WHAT YOU NEED TO DO
Leave out the pictures and output exactly the lines below from the one with "unfurnished room featuring" down to the one with "Vintage orange glass mirror", both of them included.

INPUT DATA
=== Begin Enclosure ===

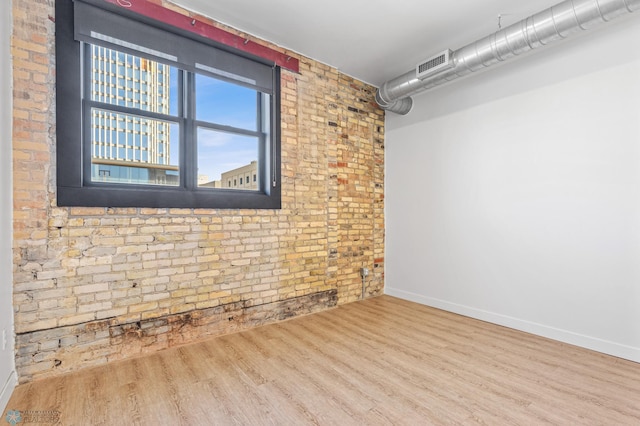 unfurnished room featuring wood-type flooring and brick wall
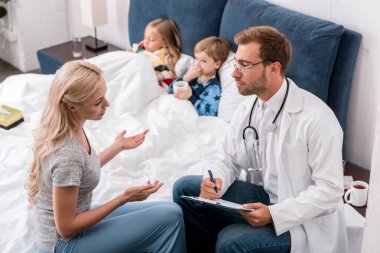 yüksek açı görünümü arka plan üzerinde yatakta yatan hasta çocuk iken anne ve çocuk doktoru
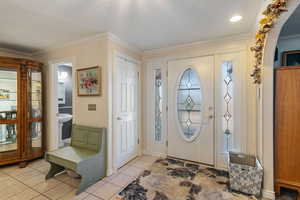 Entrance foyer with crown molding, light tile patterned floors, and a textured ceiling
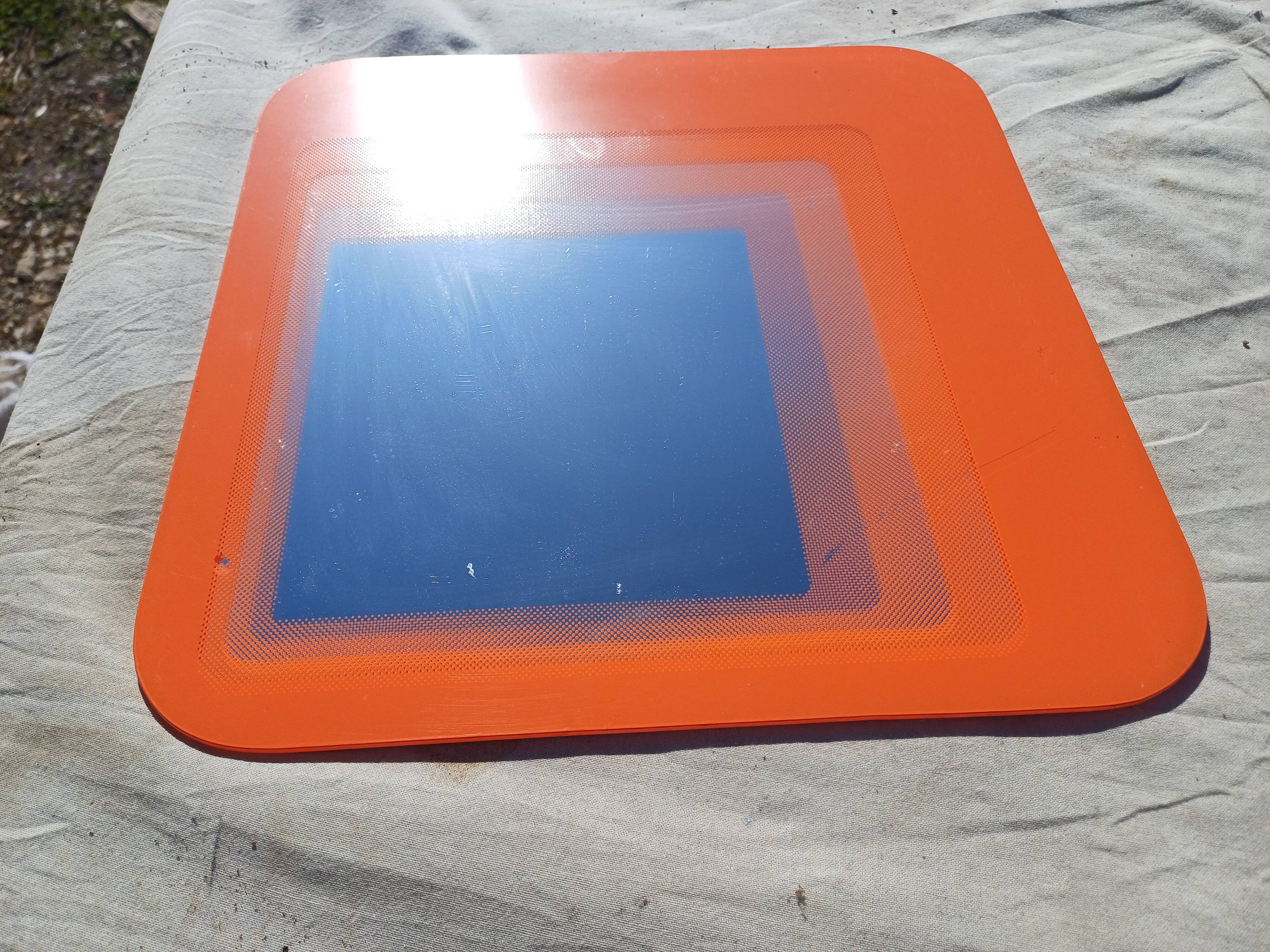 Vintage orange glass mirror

=== End Enclosure ===
=== Begin Enclosure ===

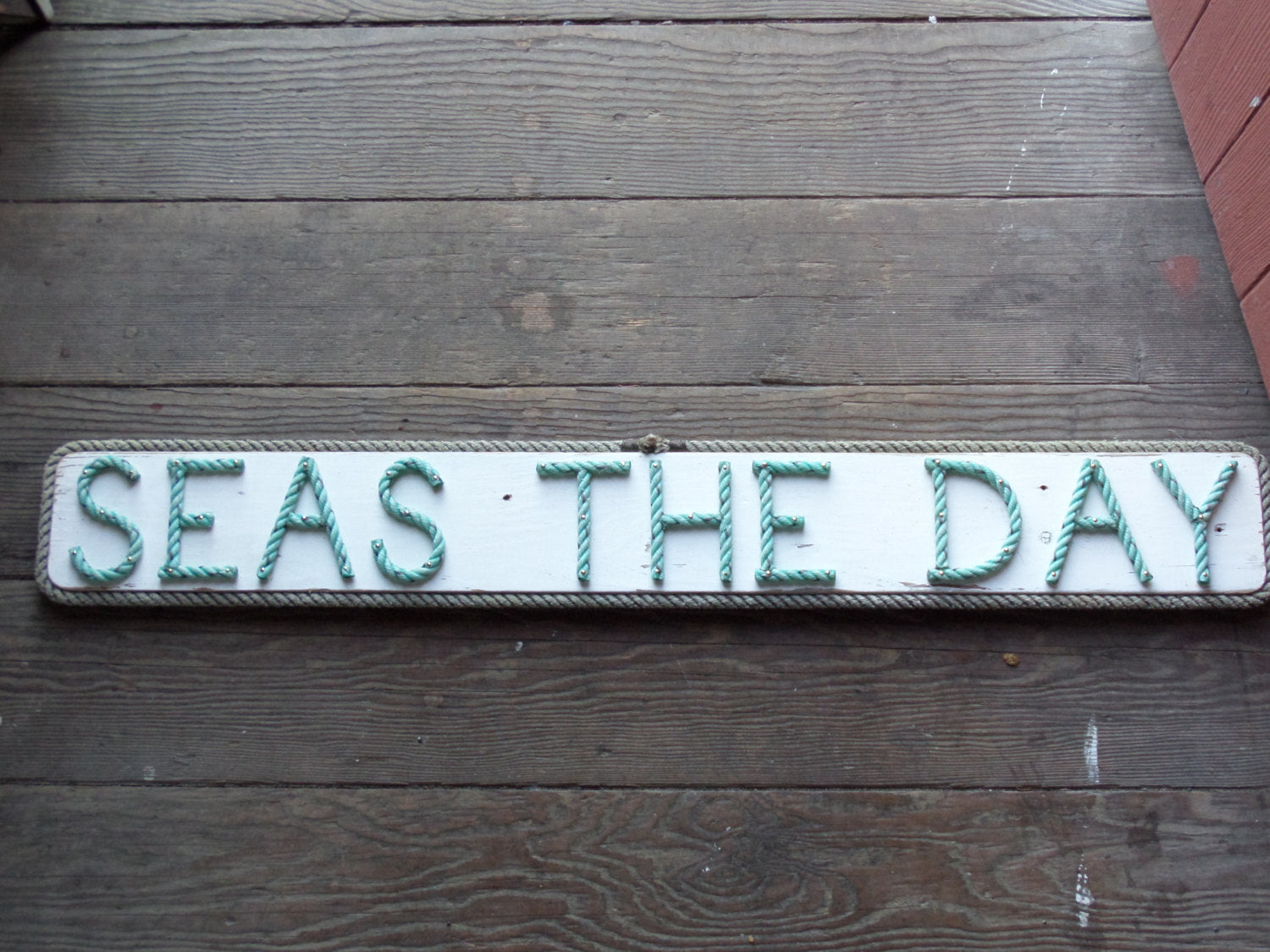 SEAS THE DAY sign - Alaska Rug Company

=== End Enclosure ===
=== Begin Enclosure ===

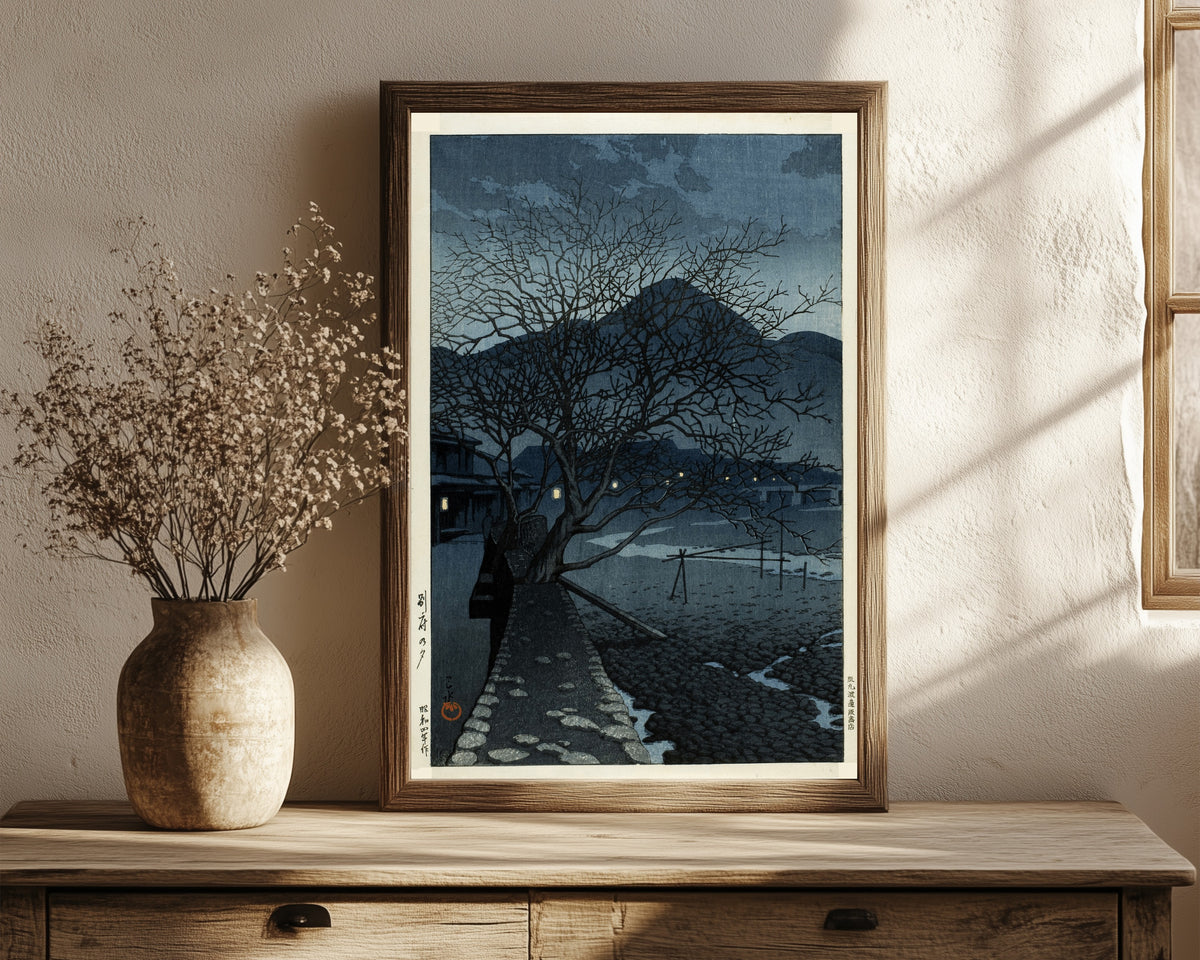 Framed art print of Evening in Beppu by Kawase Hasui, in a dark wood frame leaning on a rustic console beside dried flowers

=== End Enclosure ===

RESULT OF THE TASK
 unfurnished room featuring wood-type flooring and brick wall
 yüksek açı görünümü arka plan üzerinde yatakta yatan hasta çocuk iken anne ve çocuk doktoru
 Entrance foyer with crown molding, light tile patterned floors, and a textured ceiling
 Vintage orange glass mirror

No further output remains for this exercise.